The fossilized skull of a 455-million-year-old fish reveals an anatomy that's completely new to the study of vertebrates, bridging a knowledge gap of 100 million years.
Insights gained from studying the Ordovician jawless fish, Eriptychius americanus, suggest the early development of the vertebrate brain's protective dome was more complex than scientists thought.
"This fills a major gap in our understanding of the evolution of the skull of all vertebrates, ultimately including humans," says Richard Dearden, a palaeobiologist from the Naturalis Biodiversity Center in the Netherlands and lead author of the new paper.
The evolution of the braincase – a crucial structure in all vertebrates that prevents the delicate nervous system from being squashed – is poorly understood.
The fact they are distinctly different in living jawed and jawless fishes, however, might give us some clues.
A major change in vertebrate history was the development of gnathostomes, or jawed vertebrates, from a lineage of jawless ancestors. Unfortunately there's a gap in the fossil record between the earliest vertebrates and modern fish, with the earliest known preserved three-dimensional vertebrate braincase dating to some 100 million years after the first vertebrates appeared.
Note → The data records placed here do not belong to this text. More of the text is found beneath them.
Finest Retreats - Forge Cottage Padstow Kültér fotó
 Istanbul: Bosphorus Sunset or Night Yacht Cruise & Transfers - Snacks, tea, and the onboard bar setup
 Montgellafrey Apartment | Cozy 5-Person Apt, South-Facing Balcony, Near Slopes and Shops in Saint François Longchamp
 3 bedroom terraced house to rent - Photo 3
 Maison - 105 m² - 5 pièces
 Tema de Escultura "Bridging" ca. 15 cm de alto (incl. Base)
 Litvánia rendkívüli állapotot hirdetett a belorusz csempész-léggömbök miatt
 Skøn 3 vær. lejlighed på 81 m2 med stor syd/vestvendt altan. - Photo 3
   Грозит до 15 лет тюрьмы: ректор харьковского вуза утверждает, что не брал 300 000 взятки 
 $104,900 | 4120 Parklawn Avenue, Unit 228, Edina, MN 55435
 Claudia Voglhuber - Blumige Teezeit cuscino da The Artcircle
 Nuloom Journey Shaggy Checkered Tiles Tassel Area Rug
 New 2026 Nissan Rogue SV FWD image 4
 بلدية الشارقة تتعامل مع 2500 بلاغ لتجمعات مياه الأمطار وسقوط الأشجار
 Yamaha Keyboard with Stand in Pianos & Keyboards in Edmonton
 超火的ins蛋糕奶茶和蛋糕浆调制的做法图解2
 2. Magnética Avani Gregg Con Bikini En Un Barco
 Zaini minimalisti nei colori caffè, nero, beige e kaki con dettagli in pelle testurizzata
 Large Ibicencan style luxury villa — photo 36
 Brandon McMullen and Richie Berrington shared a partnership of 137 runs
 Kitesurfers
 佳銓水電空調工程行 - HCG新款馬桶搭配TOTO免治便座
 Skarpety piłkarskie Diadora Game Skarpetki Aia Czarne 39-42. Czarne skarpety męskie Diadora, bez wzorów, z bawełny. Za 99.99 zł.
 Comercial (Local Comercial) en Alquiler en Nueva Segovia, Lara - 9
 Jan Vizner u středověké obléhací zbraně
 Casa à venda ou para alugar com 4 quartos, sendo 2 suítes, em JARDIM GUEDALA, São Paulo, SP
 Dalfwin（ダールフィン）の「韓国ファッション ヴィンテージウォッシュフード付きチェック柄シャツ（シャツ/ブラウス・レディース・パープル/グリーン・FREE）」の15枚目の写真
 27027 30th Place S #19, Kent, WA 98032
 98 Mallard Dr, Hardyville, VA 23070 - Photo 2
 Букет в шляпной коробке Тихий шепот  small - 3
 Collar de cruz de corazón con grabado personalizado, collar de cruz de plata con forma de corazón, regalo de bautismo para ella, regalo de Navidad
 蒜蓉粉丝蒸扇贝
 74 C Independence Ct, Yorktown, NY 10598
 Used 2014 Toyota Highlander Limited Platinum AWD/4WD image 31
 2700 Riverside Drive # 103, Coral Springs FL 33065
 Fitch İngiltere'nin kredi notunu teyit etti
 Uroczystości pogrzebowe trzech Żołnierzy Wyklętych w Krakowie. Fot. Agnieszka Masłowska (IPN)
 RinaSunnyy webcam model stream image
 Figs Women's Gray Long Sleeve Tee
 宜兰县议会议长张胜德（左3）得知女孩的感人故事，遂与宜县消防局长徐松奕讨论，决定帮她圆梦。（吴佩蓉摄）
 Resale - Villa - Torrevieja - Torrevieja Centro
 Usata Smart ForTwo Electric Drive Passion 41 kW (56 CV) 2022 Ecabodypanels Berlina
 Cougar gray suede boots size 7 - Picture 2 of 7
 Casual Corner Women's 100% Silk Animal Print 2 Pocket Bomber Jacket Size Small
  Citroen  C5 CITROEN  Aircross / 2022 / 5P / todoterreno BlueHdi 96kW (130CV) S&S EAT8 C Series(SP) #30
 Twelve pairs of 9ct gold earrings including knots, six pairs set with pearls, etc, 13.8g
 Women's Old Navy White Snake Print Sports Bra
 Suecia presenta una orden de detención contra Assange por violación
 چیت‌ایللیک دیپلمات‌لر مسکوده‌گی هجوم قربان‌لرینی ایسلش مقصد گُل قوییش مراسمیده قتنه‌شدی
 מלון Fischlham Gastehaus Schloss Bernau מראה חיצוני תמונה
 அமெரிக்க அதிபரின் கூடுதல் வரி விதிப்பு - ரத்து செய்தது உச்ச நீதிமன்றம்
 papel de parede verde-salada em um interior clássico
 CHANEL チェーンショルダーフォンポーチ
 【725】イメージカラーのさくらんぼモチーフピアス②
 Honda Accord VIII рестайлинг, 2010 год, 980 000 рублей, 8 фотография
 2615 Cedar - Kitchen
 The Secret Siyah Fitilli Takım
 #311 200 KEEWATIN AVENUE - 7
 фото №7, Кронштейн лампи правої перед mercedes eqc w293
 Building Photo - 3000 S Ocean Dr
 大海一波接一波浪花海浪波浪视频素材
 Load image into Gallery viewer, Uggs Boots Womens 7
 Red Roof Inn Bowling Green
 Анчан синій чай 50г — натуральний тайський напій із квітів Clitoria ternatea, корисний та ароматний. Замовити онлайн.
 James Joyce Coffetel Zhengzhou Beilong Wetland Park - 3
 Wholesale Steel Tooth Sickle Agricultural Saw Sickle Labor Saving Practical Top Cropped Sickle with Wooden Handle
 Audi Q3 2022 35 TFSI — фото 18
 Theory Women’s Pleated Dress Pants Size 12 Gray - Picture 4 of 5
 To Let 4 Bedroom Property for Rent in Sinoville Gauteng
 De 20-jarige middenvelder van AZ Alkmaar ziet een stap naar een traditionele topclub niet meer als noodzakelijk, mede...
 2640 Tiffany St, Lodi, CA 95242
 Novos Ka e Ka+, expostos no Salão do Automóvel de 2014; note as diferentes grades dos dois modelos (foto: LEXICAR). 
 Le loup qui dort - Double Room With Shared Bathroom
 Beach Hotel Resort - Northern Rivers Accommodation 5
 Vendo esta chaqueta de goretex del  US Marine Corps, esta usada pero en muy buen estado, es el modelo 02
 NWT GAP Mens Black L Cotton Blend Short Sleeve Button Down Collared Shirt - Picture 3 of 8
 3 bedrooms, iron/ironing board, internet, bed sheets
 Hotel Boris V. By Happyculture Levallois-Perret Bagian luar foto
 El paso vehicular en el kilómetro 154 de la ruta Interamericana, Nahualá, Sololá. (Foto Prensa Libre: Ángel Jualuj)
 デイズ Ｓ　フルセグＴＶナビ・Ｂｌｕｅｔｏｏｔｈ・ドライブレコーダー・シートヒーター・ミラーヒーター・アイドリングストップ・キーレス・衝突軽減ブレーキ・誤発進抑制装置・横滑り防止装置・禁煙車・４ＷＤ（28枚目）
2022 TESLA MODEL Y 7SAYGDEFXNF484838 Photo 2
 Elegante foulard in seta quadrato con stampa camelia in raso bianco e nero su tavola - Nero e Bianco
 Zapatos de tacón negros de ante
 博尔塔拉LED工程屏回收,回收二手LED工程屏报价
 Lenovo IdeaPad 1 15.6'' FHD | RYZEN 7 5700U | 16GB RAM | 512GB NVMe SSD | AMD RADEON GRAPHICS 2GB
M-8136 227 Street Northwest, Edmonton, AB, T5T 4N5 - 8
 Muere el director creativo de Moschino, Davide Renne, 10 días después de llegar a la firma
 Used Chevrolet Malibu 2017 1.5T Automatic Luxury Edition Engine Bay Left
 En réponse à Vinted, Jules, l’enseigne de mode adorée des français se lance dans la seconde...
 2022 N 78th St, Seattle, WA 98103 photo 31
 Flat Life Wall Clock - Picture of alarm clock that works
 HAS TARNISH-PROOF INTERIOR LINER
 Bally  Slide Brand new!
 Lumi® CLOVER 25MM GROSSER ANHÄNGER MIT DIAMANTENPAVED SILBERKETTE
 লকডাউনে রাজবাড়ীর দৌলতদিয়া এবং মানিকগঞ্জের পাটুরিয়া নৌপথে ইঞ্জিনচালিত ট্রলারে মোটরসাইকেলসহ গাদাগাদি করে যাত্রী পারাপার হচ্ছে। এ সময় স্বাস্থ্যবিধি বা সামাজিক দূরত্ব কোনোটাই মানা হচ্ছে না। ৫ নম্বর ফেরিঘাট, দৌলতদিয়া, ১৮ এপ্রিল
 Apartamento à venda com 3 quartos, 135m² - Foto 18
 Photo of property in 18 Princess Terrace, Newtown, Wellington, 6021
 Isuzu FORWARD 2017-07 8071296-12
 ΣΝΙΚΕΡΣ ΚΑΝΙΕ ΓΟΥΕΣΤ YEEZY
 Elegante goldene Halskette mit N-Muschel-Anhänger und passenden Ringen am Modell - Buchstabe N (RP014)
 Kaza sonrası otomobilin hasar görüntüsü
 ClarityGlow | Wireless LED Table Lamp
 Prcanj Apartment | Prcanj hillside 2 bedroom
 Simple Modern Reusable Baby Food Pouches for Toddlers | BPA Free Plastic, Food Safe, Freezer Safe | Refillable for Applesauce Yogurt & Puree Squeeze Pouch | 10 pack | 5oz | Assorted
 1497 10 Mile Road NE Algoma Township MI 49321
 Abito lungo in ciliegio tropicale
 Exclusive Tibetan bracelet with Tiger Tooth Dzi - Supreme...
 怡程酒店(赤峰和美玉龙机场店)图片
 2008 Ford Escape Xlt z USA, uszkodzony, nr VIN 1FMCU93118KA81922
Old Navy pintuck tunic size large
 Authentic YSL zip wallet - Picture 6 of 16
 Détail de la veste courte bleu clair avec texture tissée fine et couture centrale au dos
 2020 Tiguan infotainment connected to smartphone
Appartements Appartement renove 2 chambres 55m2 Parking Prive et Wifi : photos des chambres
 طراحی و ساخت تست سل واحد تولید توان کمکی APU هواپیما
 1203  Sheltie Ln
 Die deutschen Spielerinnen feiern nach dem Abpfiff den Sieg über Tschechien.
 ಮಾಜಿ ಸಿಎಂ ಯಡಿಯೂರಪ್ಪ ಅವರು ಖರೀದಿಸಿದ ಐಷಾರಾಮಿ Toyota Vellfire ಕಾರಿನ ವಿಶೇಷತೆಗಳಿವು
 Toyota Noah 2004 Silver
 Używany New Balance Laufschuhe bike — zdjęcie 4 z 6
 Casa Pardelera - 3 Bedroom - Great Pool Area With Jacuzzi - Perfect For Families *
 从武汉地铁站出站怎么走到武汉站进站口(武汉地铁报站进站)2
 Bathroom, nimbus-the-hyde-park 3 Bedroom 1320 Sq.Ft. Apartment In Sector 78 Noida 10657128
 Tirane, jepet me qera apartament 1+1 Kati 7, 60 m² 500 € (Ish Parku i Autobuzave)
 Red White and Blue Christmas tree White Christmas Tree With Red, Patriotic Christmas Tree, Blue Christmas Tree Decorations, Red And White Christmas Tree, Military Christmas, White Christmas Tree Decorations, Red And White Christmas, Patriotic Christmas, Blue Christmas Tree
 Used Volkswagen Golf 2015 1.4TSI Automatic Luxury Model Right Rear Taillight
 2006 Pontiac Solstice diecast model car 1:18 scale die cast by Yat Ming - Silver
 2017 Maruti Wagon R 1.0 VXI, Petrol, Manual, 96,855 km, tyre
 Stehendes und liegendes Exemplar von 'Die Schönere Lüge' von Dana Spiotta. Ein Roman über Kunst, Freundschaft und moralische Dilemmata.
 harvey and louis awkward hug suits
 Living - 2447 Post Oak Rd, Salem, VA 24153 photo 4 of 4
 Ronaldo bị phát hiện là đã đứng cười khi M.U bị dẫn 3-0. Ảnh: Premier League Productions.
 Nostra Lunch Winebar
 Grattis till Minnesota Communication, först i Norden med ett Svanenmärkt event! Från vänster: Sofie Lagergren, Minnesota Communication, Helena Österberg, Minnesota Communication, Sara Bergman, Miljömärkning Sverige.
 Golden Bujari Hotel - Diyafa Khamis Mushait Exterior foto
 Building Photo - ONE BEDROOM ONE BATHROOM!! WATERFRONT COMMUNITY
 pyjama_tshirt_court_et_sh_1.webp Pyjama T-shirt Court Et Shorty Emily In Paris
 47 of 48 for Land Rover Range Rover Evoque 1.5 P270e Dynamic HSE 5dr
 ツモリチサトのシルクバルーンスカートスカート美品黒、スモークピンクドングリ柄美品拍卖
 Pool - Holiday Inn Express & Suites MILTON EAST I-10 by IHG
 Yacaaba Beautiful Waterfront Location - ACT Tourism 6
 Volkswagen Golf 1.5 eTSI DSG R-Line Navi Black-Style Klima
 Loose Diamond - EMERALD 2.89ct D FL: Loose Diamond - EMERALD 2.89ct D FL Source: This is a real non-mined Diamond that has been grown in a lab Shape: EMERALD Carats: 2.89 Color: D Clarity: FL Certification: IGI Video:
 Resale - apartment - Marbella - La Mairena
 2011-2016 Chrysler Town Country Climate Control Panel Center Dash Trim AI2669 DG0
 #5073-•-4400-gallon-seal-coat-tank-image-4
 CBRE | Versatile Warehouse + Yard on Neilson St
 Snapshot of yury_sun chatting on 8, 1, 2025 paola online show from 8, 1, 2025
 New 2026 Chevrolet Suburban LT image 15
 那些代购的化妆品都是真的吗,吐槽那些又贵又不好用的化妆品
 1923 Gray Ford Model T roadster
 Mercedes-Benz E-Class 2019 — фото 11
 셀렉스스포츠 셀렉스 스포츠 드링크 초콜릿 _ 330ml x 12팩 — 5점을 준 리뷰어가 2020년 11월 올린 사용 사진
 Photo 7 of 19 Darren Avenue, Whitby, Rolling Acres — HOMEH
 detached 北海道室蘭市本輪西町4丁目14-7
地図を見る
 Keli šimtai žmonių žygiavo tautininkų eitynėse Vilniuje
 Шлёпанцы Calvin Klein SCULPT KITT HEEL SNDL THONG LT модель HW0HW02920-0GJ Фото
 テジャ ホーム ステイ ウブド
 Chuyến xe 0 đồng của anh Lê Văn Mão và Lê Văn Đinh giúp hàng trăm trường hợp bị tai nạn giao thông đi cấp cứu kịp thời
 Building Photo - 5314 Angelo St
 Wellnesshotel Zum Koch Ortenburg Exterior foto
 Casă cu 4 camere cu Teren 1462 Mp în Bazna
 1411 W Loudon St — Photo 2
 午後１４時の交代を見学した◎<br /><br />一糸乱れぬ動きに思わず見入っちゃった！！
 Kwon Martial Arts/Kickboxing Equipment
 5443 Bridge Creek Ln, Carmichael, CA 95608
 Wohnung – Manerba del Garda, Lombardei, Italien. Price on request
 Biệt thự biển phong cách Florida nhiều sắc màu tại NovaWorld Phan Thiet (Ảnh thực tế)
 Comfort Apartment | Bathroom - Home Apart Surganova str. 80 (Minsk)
The jawless fish of the Ordovician period are some of the earliest vertebrates discovered to date, but little is known about their anatomy due to the lack of articulated remains. Until now, that is.
"On the face of it Eriptychius is not the most beautiful of fossils," Dearden says. "However, by using modern imaging techniques we were able to show that it preserves something unique: the oldest three-dimensionally preserved vertebrate head in the fossil record."
Using an X-ray technique called computed tomography, Dearden and his colleagues were able to digitally reconstruct the skull of Eriptychius from bone fragments that were discovered in a rock matrix in Harding Sandstone, Colorado, in the 1940s.
Their reconstruction shows that Eriptychius had a novel approach to cranial skeletonization, one that contrasted with modern jawed fish's single, fused braincase.
A symmetrical set of mineralized cartilages in Eriptychius's head between the olfactory bulb and eye area might have served to protect the brain and sensory organs.
This is similar in some ways to the anatomy of living jawless fish – called cyclostomes (think lampreys and hagfishes) – which have a fully bound cage of cartilage that holds the brain. But in Eriptychius, these cartilages are not joined together in an open framework, rather encasing their structures separately.
The team thinks these cartilages were formed from different cells than those involved in the cartilage braincases of living jawless vertebrates.
"The substantial difference between the neuro-cranial anatomy of the Ordovician Eriptychius to either cyclostomes or gnathostomes helps to explain why it has been so difficult to draw direct anatomical comparison between the skulls of the two living vertebrate groups," the team writes in their paper.
So Eriptychius may represent a step in the evolution of structures that set the brain apart from other parts of the head.
The researchers suggest these skull features may reflect the conditions from which both jawed and jawless vertebrates developed. It appears that the braincase filled in the space between the outer skeleton and brain in the earliest jawed vertebrates.
"These are tremendously exciting results that may reveal the early evolutionary history of how primitive vertebrates protected their brains," says palaeobiologist Ivan Sansom from the University of Birmingham in the UK.
"Eriptychius americanus appears to be the first evidence for a series of cartilages separating the brain from the rest of the head."
This level of reconstruction had not been attempted with the specimen before, despite its long residence in museum storage.
"This study emphasizes the importance of museum collections and the application of new techniques in studying them," Sansom says.
The research has been published in Nature.